[Material provided]:
:::

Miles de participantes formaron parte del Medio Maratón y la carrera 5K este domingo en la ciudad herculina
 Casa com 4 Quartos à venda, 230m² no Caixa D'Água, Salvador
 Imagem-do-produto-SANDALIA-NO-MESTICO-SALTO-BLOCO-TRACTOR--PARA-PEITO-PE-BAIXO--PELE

:::

[Exercise]:
Once the listing has been read, copy every line of it exactly.

[Exercise output]:
Miles de participantes formaron parte del Medio Maratón y la carrera 5K este domingo en la ciudad herculina
 Casa com 4 Quartos à venda, 230m² no Caixa D'Água, Salvador
 Imagem-do-produto-SANDALIA-NO-MESTICO-SALTO-BLOCO-TRACTOR--PARA-PEITO-PE-BAIXO--PELE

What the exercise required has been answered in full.